Associate Professor Ben Mullins and his team in the School of Public Health have developed the first simulated model of a breathing lung. In ‘A breath of fresh air’, read about how this important technology will enable more targeted treatment for the many sufferers of asthma and chronic respiratory illnesses.
Also in health sciences, Western Australia’s first Professor of Midwifery, Yvonne Hauck, is guiding midwifery research for the future, encouraging a new generation of midwives to embed research into their clinical work.
Curtin alumnus and Australia Awards Scholarship recipient Ahmad Agus Setiawan is putting his PhD into practice, installing his award-winning technology to deliver power and water to remote communities in Indonesia.

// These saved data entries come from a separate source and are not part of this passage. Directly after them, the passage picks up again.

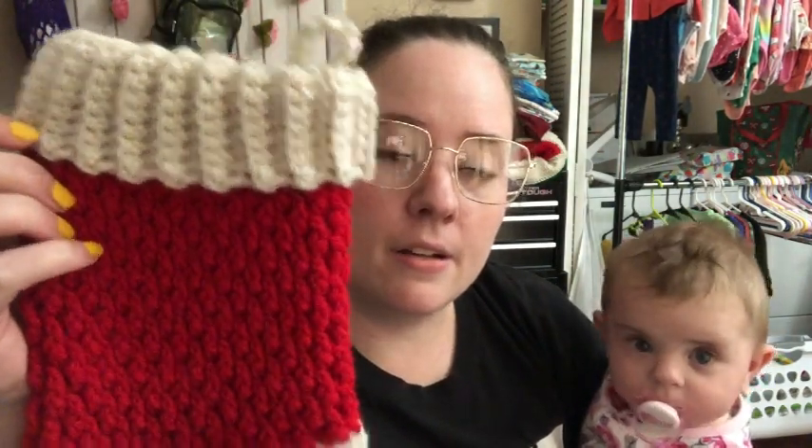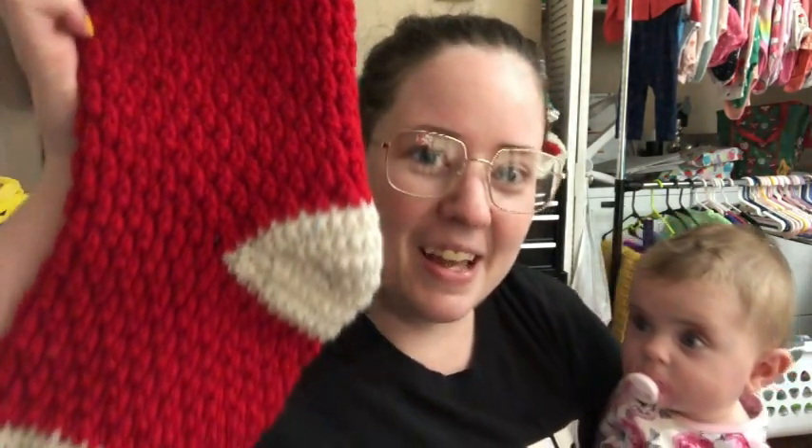It's double crochets and front post double crochets, and there's single crochets in there too. I really like the way the heel was done. It's all made in one piece, which is really cool. You do have to sew part of the heel together — this part right here — but then you just crochet the rest, so it's really neat.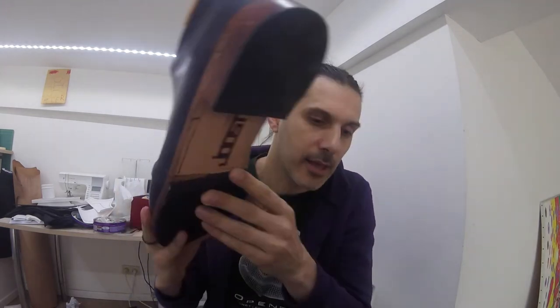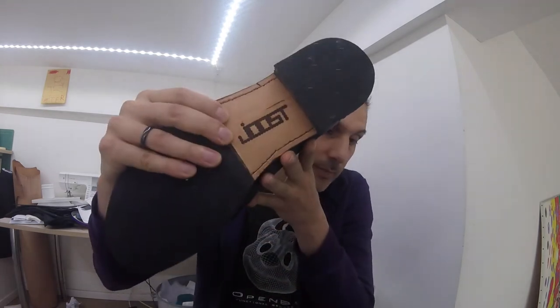Hi guys and welcome to Shoes from Scratch, a video series where I show you how to make shoes — shoes like this one that I made and that I'm going to be showing you how to make.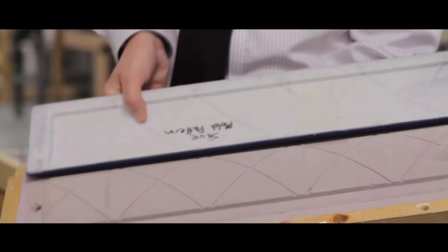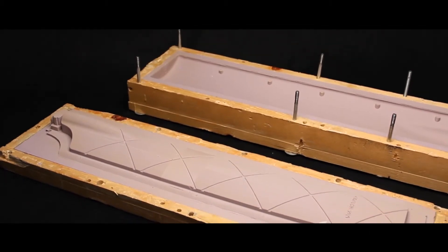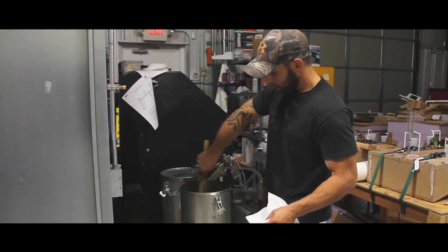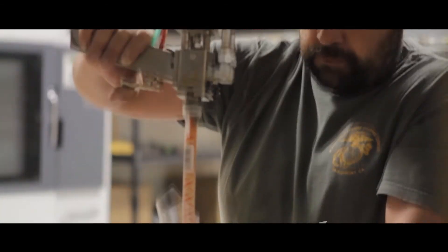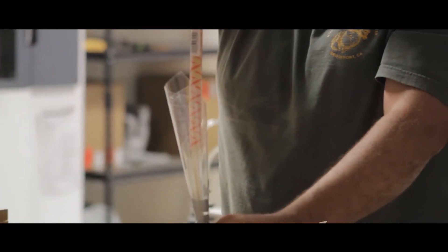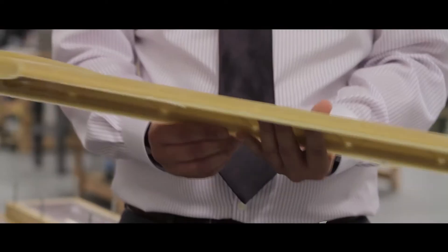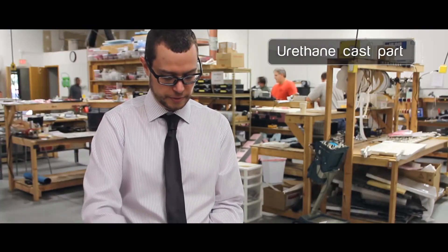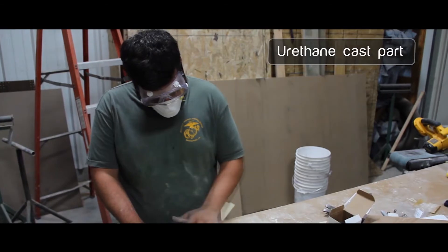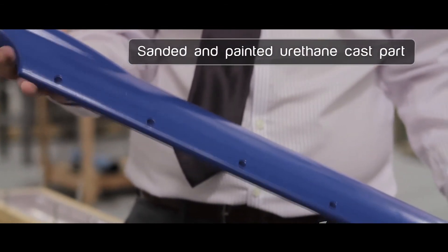Once we have the pattern ready, the next step is to make the molds. After the mold is complete, we inject it with urethane, which is an MRI transparent material. This is the molded part — it comes right out of the mold. There's a little bit of flash where the parting line is. We snap that off and sand it smooth. It's primed and painted for a finished part, and then we're ready for assembly.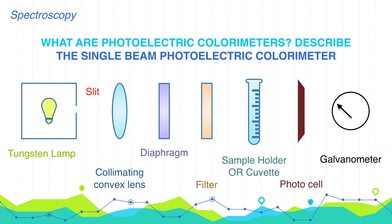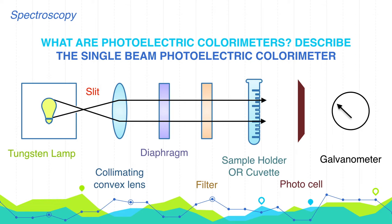Light from the source, an incandescent lamp with tungsten filament, passes through the collimating convex lens and then through the adjustable diaphragm. By adjusting the diaphragm, the intensity of incident radiation can be altered to any required level. Light is then incident on the filter, which allows only a narrow band of wavelengths to pass through it. The solvent or sample solution is placed in the cuvette, and transmitted light falls on the photocell producing a small current, which is then read on the readout meter as transmittance or optical density.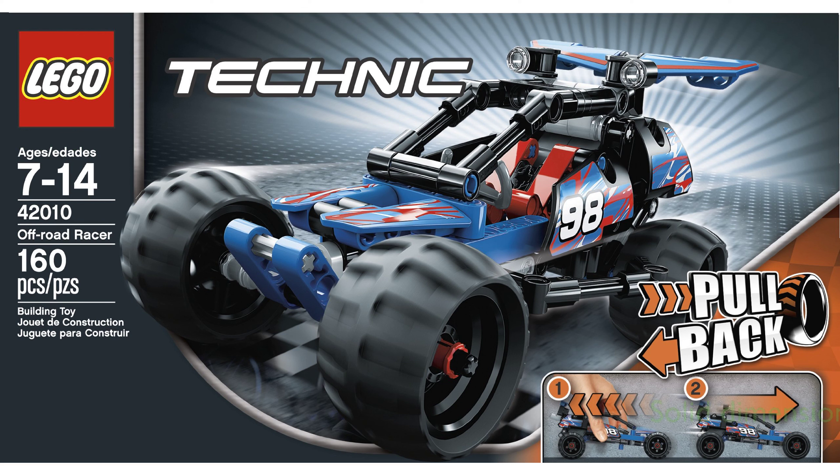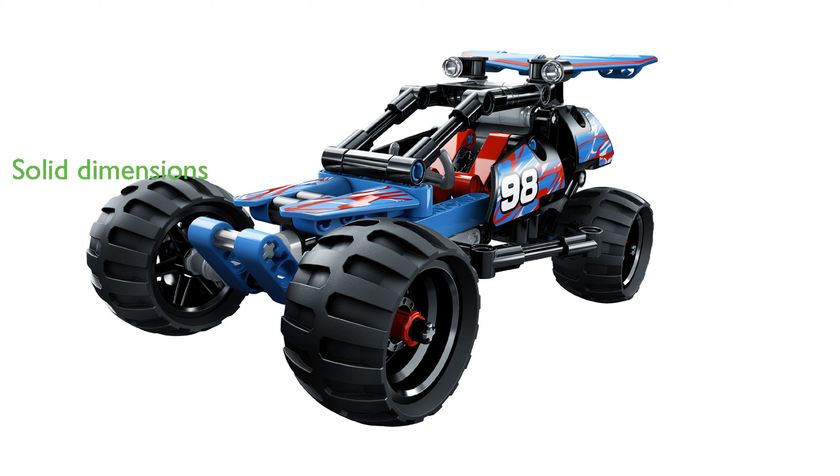The Off-Road Racer measures over 3 inches high, 7 inches long, and 3 inches wide, while the dragster measures over 3 inches high, 11 inches long.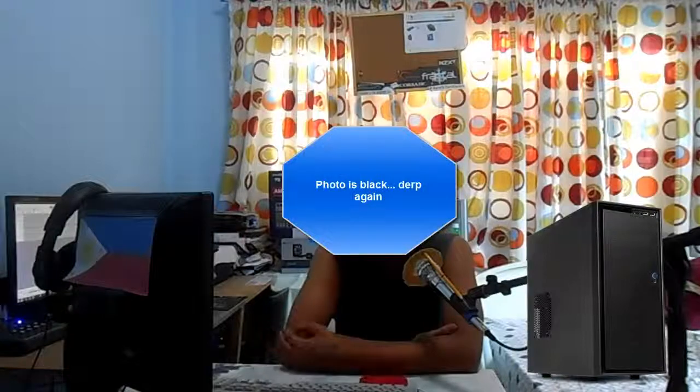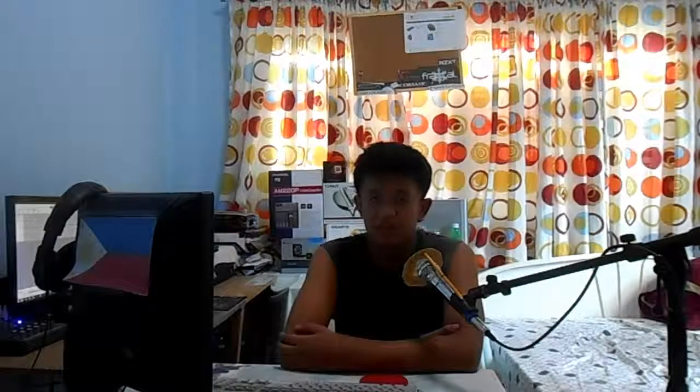For the case, we're going with the NZXT Source 210 — a white mid-tower case. It's white because it's cheaper than the black version. The case isn't something you prioritize in budget builds; it should be the cheapest thing in your build unless you want to show it off on your desk. The NZXT Source 210 will do you just fine — it's only $40 with free shipping on Amazon.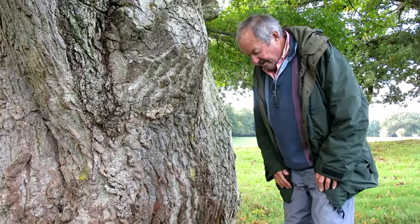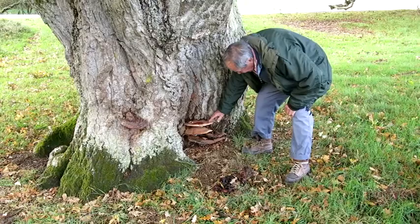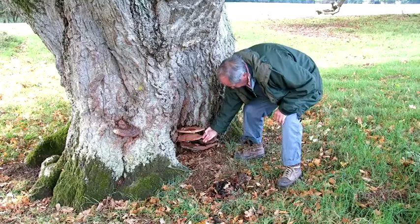Hi folks, we're down at Nepp and one of my favourite oak trees actually. It's a lovely old tree and it's got a bracket growing out the side of it — quite an attractive bracket actually. But this particular one here has gone smoky because all the spores are coming off underneath and they're coating the tree.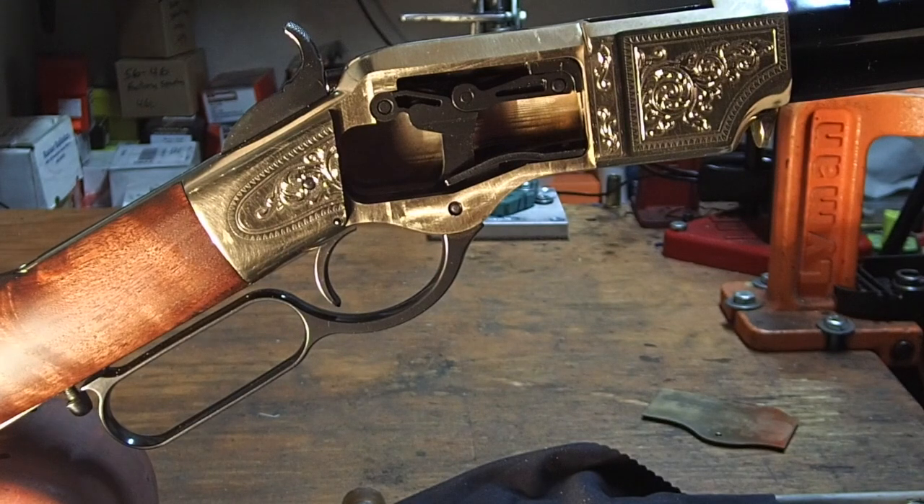As far as safety mechanisms go, this gun is kind of sparse, which is fine with me. This gun was designed in the 1860s when there weren't a lot of personal injury lawyers around, and people realized that guns were dangerous and handled them accordingly.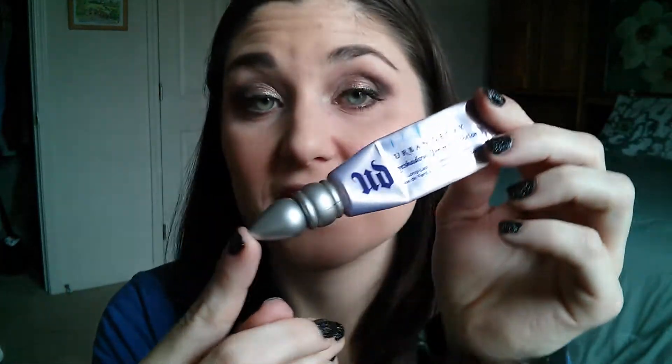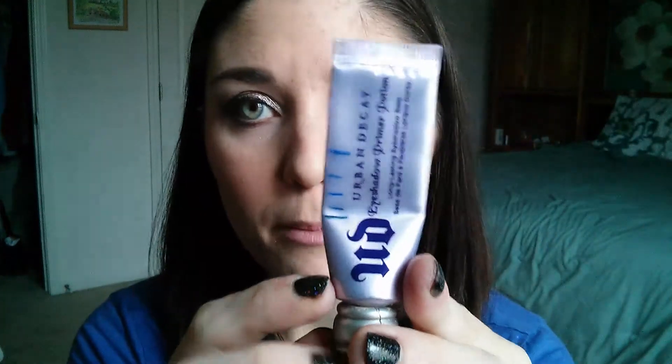I have my Urban Decay Primer Potion. As you can see, that's not finished and it's not going to be finished this year. I've been working at it consistently so I'm not upset that it's not done — I just didn't realize how long it would take to use up an entire one of these. You can see my progress on the side here; I started about right here and as of today I'm down to here, so I used up a lot of product. I use this all over my eye area to prime my eyelid, also to prime under my eyes for concealer, and sometimes I even take it up into my brows to help my brow products stay on all day.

Our cover story on Julian Donaldson exemplifies the longstanding contribution Curtin alumni make to community. The ever-evolving Perth International Arts Festival continues to grow in size and stature, thanks in no small part to its general manager, who has been in the role since 2005.
In closing, Curtin welcomes Professor Deborah Terry as its new Vice- Chancellor in February 2014. The University has prospered under the leadership of Professor Jeanette Hacket AM, who retired from the position in August. Indeed, it has been my great privilege as Acting Vice-Chancellor since then to steer Curtin further along the path of evolution to the greater success we can look forward to with Professor Terry at the helm.
Greetings to you and your families for the holiday season.